- _YOUR TASK_: What are the lines below, starting at the line containing "TUMI ALPHA Trolley" and ending at the line containing "Melbourne: 12 Apostles"? Write them out exactly, ends included, without pictures.

- _DATA TO USE_:
⁂

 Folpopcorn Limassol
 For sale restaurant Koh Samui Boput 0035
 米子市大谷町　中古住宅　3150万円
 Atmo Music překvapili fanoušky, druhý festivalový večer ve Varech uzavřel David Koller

⁂

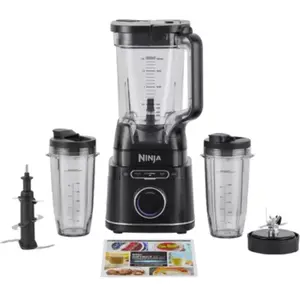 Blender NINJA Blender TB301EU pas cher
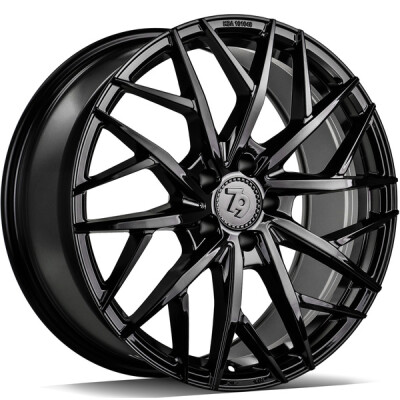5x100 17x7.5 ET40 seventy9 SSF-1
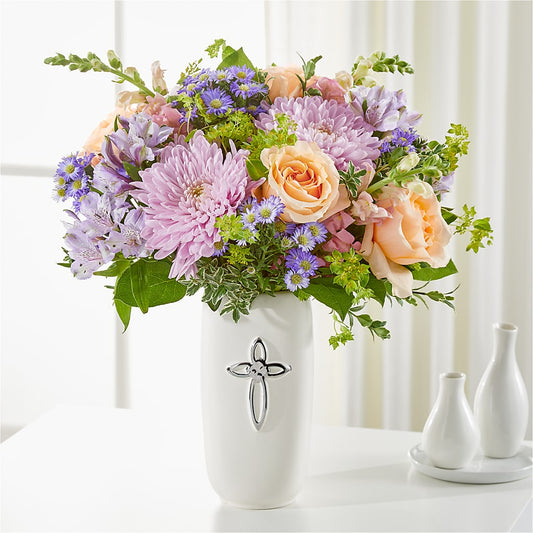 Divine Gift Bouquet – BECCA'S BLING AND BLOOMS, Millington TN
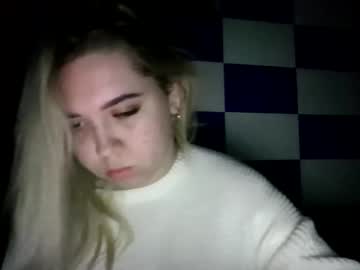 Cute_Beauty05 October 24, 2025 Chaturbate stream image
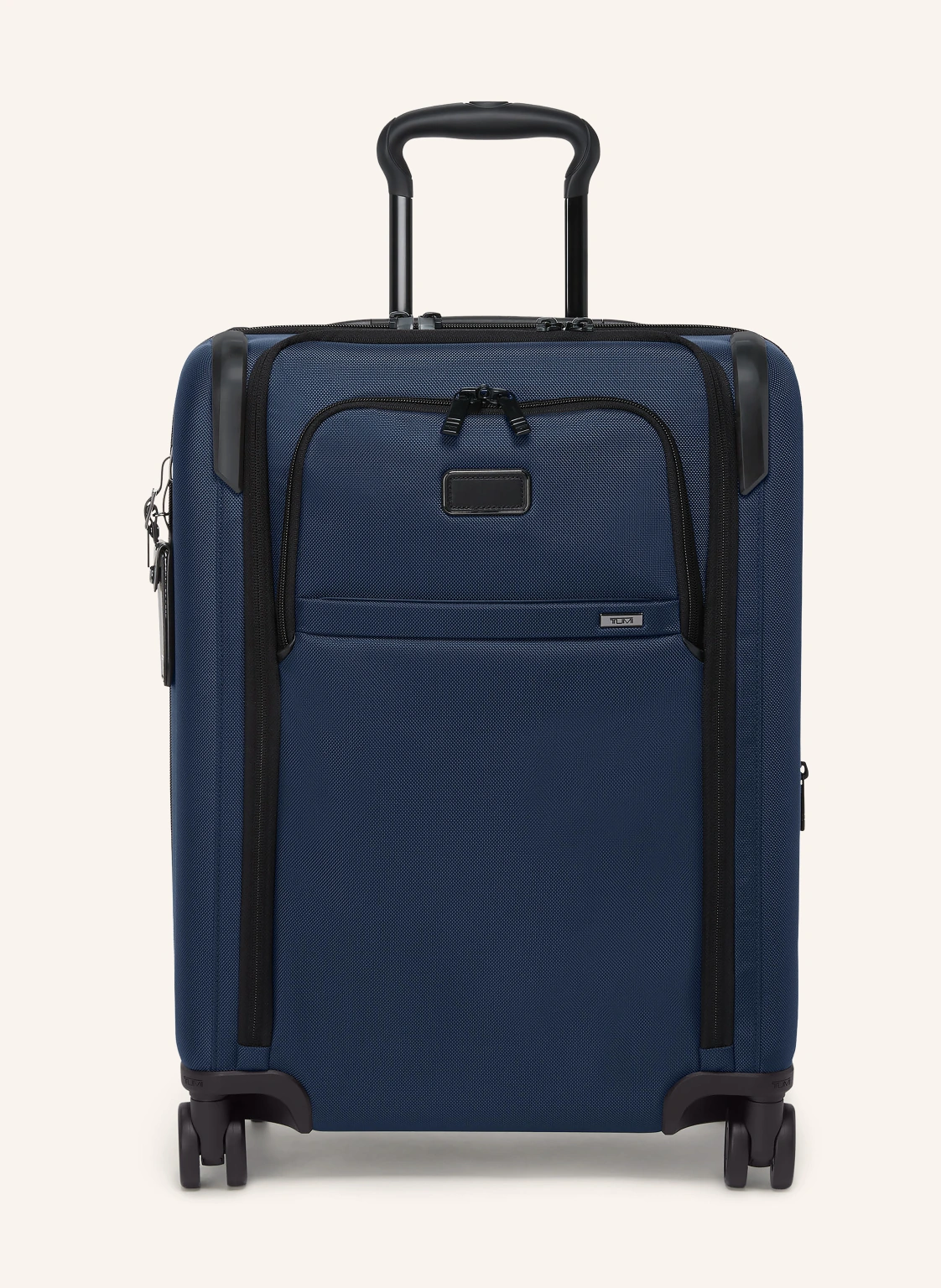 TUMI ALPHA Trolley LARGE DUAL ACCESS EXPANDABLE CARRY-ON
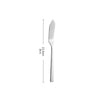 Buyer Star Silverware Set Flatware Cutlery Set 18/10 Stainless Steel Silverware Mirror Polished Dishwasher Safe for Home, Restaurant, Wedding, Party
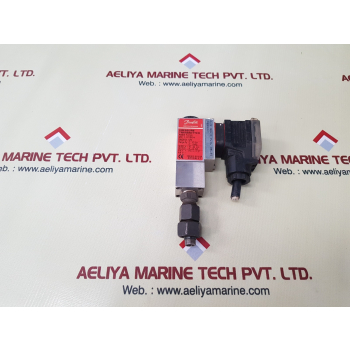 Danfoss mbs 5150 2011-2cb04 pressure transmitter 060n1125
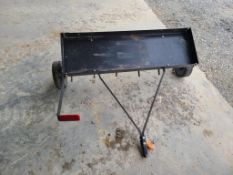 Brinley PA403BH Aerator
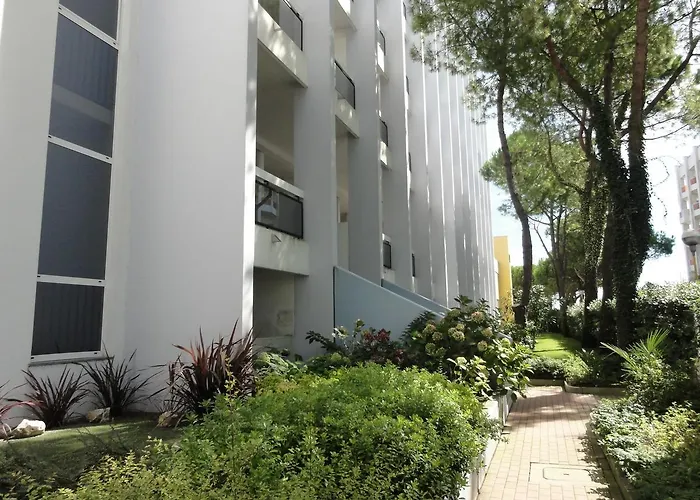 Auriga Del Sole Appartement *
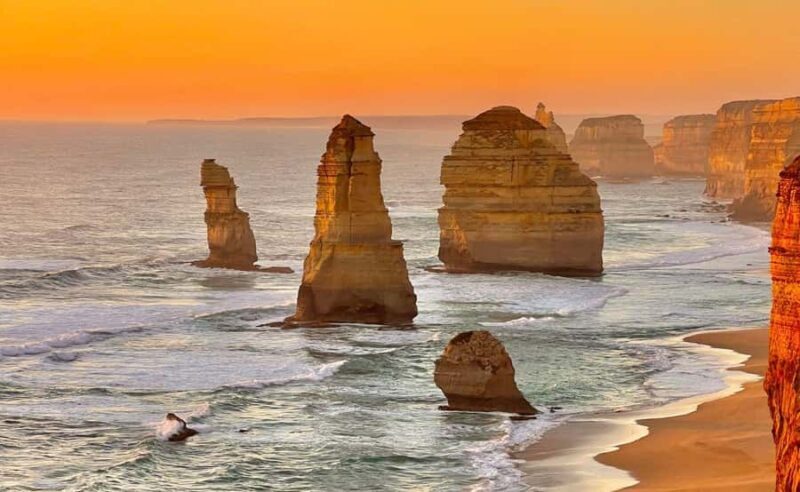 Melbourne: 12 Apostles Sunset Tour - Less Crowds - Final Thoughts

⁂

- _SOLUTION TO THE EXERCISE_:
 TUMI ALPHA Trolley LARGE DUAL ACCESS EXPANDABLE CARRY-ON
 Buyer Star Silverware Set Flatware Cutlery Set 18/10 Stainless Steel Silverware Mirror Polished Dishwasher Safe for Home, Restaurant, Wedding, Party
 Danfoss mbs 5150 2011-2cb04 pressure transmitter 060n1125
 Brinley PA403BH Aerator
 Auriga Del Sole Appartement *
 Melbourne: 12 Apostles Sunset Tour - Less Crowds - Final Thoughts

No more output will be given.